The successful City broker Smith New Court yesterday produced the sort of results - interim pre-tax profits up five times to pounds 31.1m - that make shareholders drool and employees think fondly of bonuses to come.

With many people from country doctors to university professors (salary pounds 38,000 a year) wondering just how Goldman Sachs and other investment banks in the City can justify bonuses running into millions of dollars, Smith's chief executive, Michael Marks, can breathe a sigh of relief. Smith's bonuses are paid in the summer.

Mr Marks may find it less easy to shake off concerns about the volatility of Smith's earnings. He admits that Smith's traditional market-making business is volatile, but draws a line between it and proprietary trading, which he says Smiths is happy to avoid. His firm is quite happy to take a turn rather than get involved in the risky world of trading on its own account.

Instead, Mr Marks sees Smith's future as coming from its growing overseas earnings. Already 60 per cent of earnings comes from non- domestic equities, and the firm is expanding in Latin America, China and India.

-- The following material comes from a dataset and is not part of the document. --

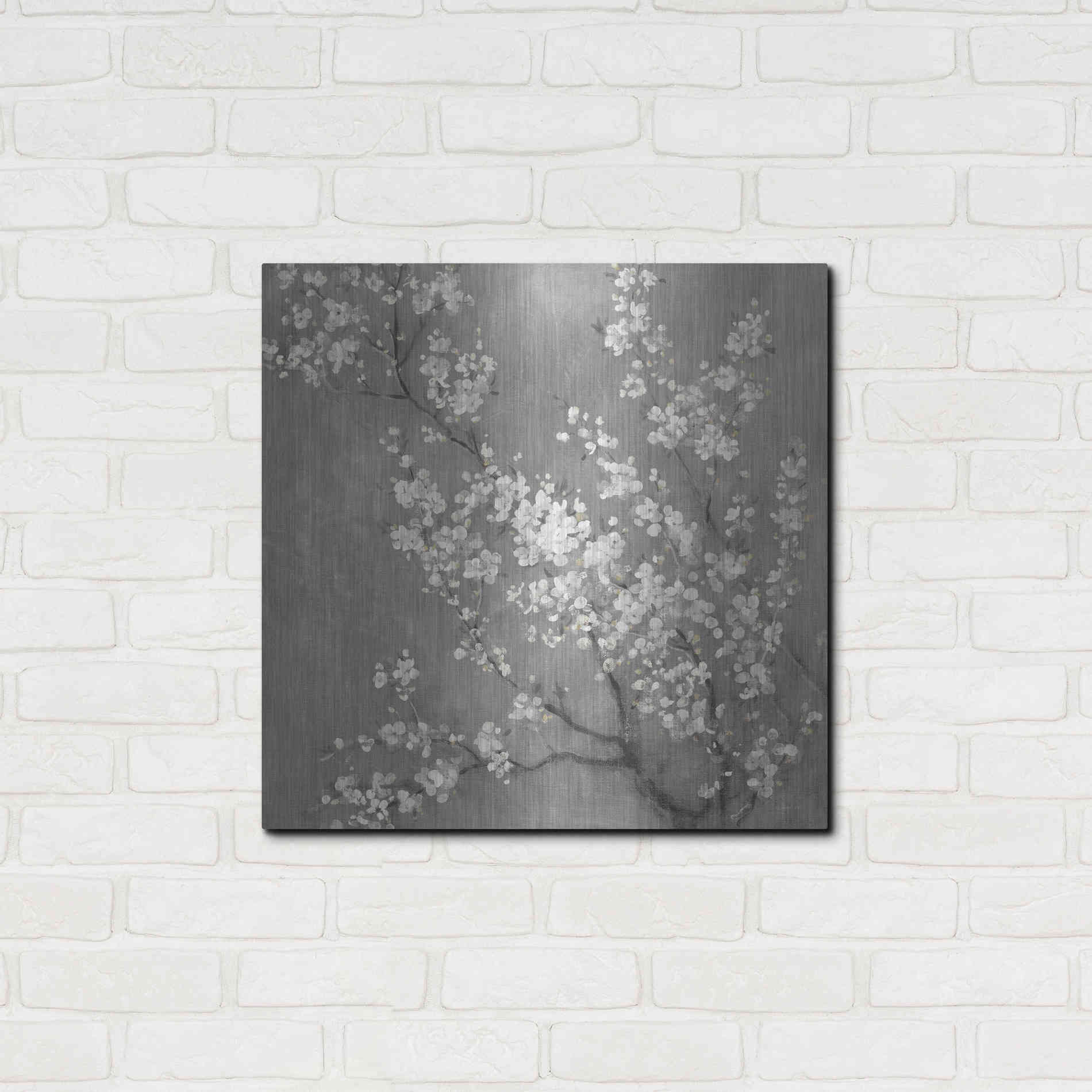 Luxe Metal Art 'White Cherry Blossom II on Grey' by Danhui Nai, Metal Wall Art,24x24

Is it not curious, however, that the London Stock Exchange's most celebrated trading house should be turning away from exactly the area - proprietary trading - that has earnt the American investment bankers their fat bonuses?

If Smith is not going to take on the Americans at such trading, then it is unlikely that others will pick up the challenge, even when they are better placed because they are better capitalised. Such business involves a fine judgement of risk - which means a willingness that British houses seem to lack to invest heavily in computer software and people.

Smith's senior members may be able to look forward to some handsome payouts next year, but in a global context the American Christmas bonuses look set to leave their British counterparts far behind.